I’ve grown up eating Middle Eastern food at restaurants and parties because it’s my family’s favorite cuisine apart from our own Pakistani food. I was very familiar with the usual dishes such as gyros, kabobs, hummus and pita. This episode, I was introduced to three Middle Eastern foods I’d somehow never had before — tabbouleh, baba ghanoush and knafeh.
To be clear, most people refer to Middle Eastern cuisine under the umbrella term of Mediterranean cuisine. While the two cuisines overlap culturally and share many dishes, they diverged once countries throughout the Middle East began modifying the dishes to their own regional tastes. The cuisine relies mostly on natural ingredients such as olive oil, rice, meats, chickpeas, tahini and pita bread. Electrical engineering junior Reem Aysha, fellow Mercury staffer Amaka Mgboji and I went to Sababa, a local Mediterranean restaurant in Richardson, to try the three dishes.
Tabbouleh isn’t like your average Caesar salad. It’s bright green in color and filled with parsley, couscous, lemon, olive oil and other seasonings and vegetables. At first bite, I was struck by the zesty flavor of this salad as I wasn’t expecting such a strong flavor of lemon. The texture was gritty and rough from the finely chopped parsley and couscous, but that didn’t deter me. Normally, salads taste bland on their own and require a bit of some kind of dressing, but I couldn’t imagine adding any kind of ranch dressing to tabbouleh. Bursting with flavor and tangy goodness, I could easily see this being a favorite.
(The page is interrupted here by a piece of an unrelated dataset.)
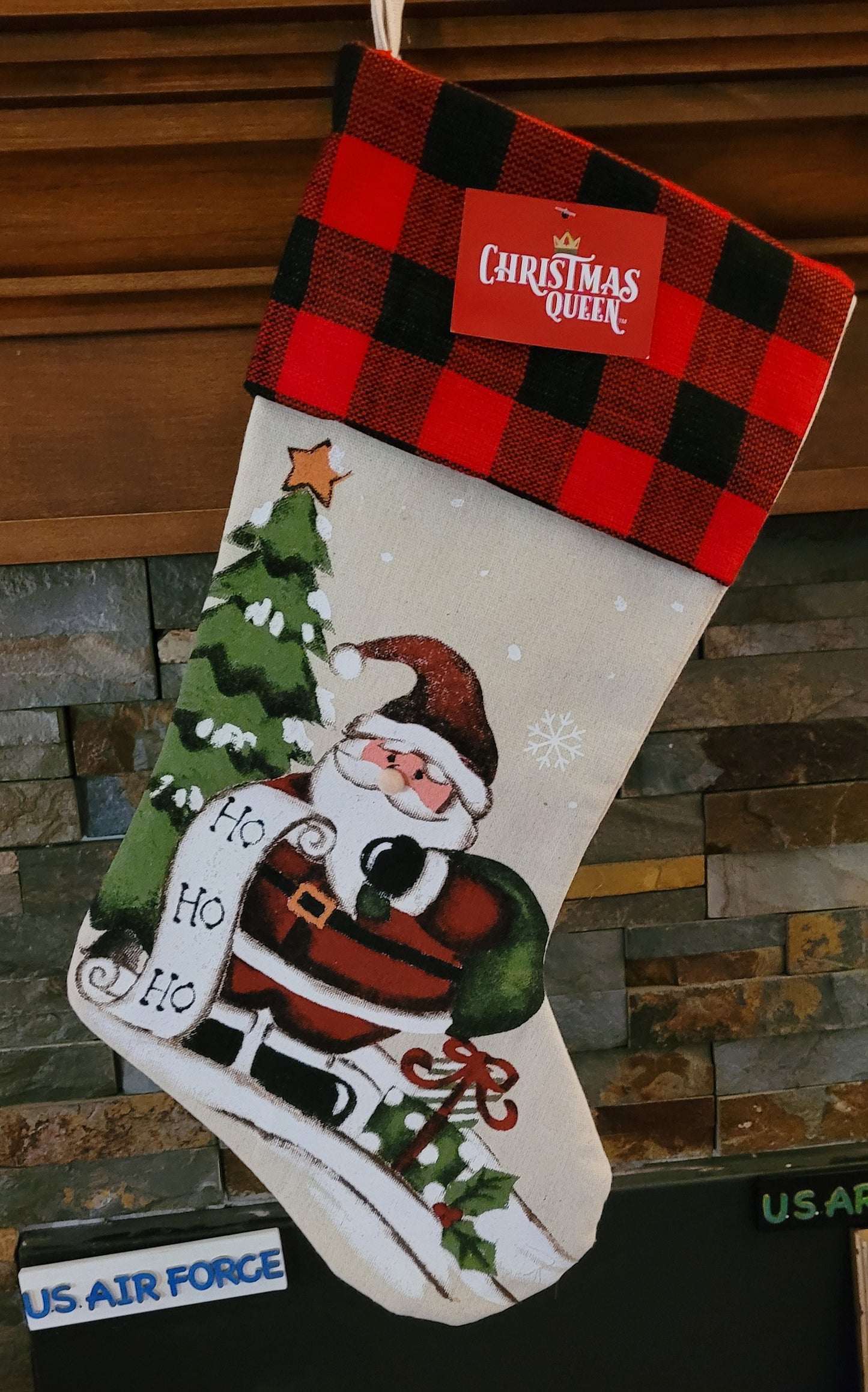 Christmas Queen's 18" Holiday Stocking w/ Santa Claus Checking His List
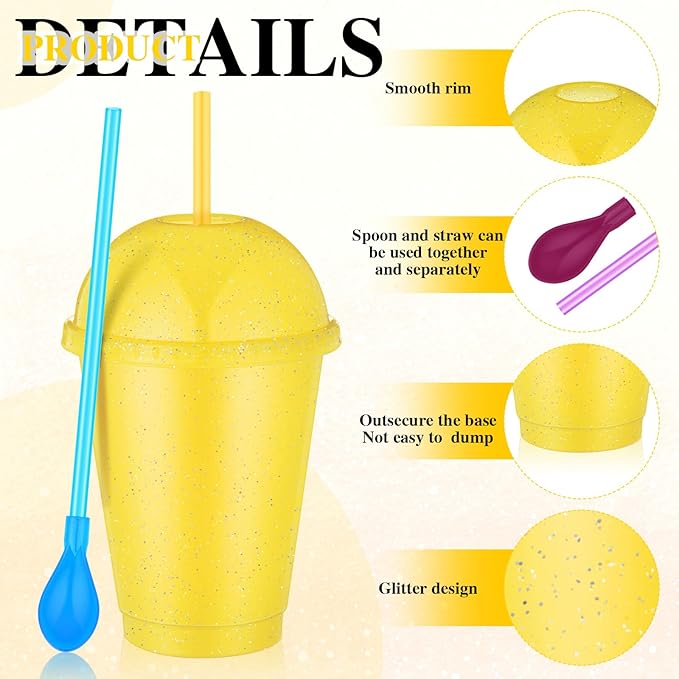 6 Set Slushie Cups with Dome Lids and Straws Detachable Spoon Straws Reusable Plastic Iced Coffee Cups Smoothie Tumbler for Birthdays Summer Party Supplies(Yellow,16 oz)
I really can’t stand eggplant, but for the sake of trying new things, and after hearing my family and friends rave about how much they loved baba ghanoush, I wanted to see what all the fuss was about. Eating baba ghanoush was probably the strangest experience I’ve ever had. It both looked like hummus — a creamy, tan mixture — and was eaten like hummus, gathered in a small piece of chewy, soft pita bread. However, it definitely did not have the texture of hummus. The baba ghanoush was chunky and a little slimy at times. I wasn’t expecting little bits of eggplant throughout, but it wasn’t entirely unpleasant. I enjoyed the flavor, though, and it was smoky and had the deliciously rich flavor of tahini and olive oil. Despite my initial distaste for its texture, I couldn’t help but keep taking more bites to try and convince myself to love it like Reem and Amaka did. I wasn’t successful.
Knafeh sounded heavenly when Reem was describing it to me. A thick chunk of cheese, covered with bits of baked thin noodles, is soaked in a decadent rose sugar syrup before being baked and topped with bits of pistachio. At first glance, the knafeh looked like it should have been savory. It was bright orange and greasy-looking, and I couldn’t help but think of pizza. The dish was initially crunchy and then chewy, but its taste was something out of this world. Immediately, I tasted a rich, rosy flavor that wasn’t overpowering. The combined tastes of the cheese and thick sugar syrup made for an extremely extravagant dessert. Knafeh turned out to be infinitely better than your average cheesecake, and while Reem and Amaka took a few bites just for taste, I finished the entire dish afterwards.
Middle Eastern food is probably one of the more natural and fresh types of cuisines I’ve encountered so far. Most of the dishes employ simple spices and oils, and the flavors of the ingredients in the foods themselves are what stand out. Nonetheless, it’s an entirely enjoyable cuisine that makes me feel wonderfully cozy and homey every time I have it.